Mudanças... outra vez
Perguntas Frequentes?
Vamos por partes.
As provas de aferição vão passar a chamar-se MoDA - Provas de Monitorização da Aprendizagem.
Os mais implicados serão os alunos do 4º e do 6º ano. Fizeram provas de aferição no 2º e no 5º ano, e vão novamente a avaliação!
A partir do ano letivo 2024-2025, entrará em vigor o novo modelo de avaliação externa (provas e exames nacionais). O objetivo é melhorar a monitorização da qualidade da aprendizagem e, assim, contribuir para as estratégias escolares de melhoria da aprendizagem e para orientação das políticas públicas.

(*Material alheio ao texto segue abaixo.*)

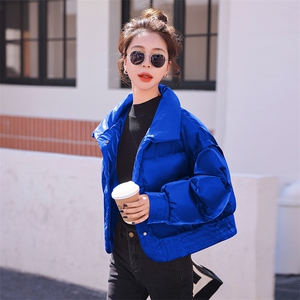 高级感纳米亮面免洗羽绒棉服女2023年冬季新款女装时尚气质外套图片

Princípios orientadores do novo modelo:
- Avaliação no fim de todos os ciclos de ensino (4.º, 6.º e 9.º anos e no ensino secundário);
- Comparabilidade dos resultados no ensino básico — provas deixam de ser públicas para serem utilizados itens âncora de ano para ano;
- Avaliação em suporte digital no ensino básico, com mecanismos para garantia de equidade;
- Classificação eletrónica em todos os níveis de ensino;
- Monitorização e reporte atempado (relatórios de alunos e escolas disponibilizados antes do novo ano letivo; relatórios nacionais divulgados em novembro; dados para escrutínio público até ao fim do ano civil).

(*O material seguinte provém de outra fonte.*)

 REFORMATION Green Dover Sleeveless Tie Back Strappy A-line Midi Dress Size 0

As provas contam para avaliação?
Não. As provas ModA não contarão para a classificação final do aluno. No entanto, a classificação, que passará a ser quantitativa (numa escala de 0 a 100), ficará registada na ficha individual do aluno.

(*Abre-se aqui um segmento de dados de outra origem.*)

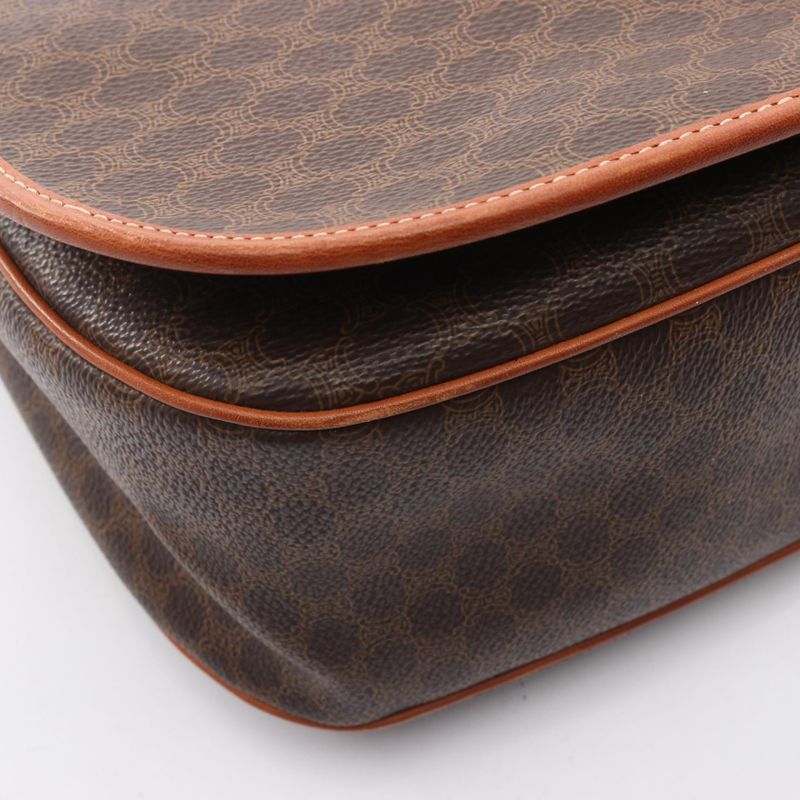 Celine Shoulder Bag Macadam Dark Brown Leather — view 8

As classificações serão públicas?
Sim. Os resultados das provas ModA serão publicados, de forma anónima, e ordenados por escola e concelho, o que irá permitir construir um ranking dos estabelecimentos de ensino e compará-los entre si, à semelhança do que acontece com as avaliações dos exames nacionais.
Há mudanças nas provas de final de ciclo do 9.º ano?
As provas finais de ciclo do 9.º ano continuarão a ser realizadas a Português (Português Língua Não Materna ou Português Língua Segunda) e a Matemática. A prova de Português será feita em formato digital. Já a de Matemática realizar-se-á em formato híbrido (digital e papel), para contornar dificuldades da escrita matemática em computador. A classificação será eletrónica. Outra novidade é a coexistência de avaliação numérica (de 1 a 5) e avaliação quantitativa (de 0 a 100). Também aqui os enunciados deixarão de ser tornados públicos. O peso da prova para a classificação final do aluno continuará a ser de 30%.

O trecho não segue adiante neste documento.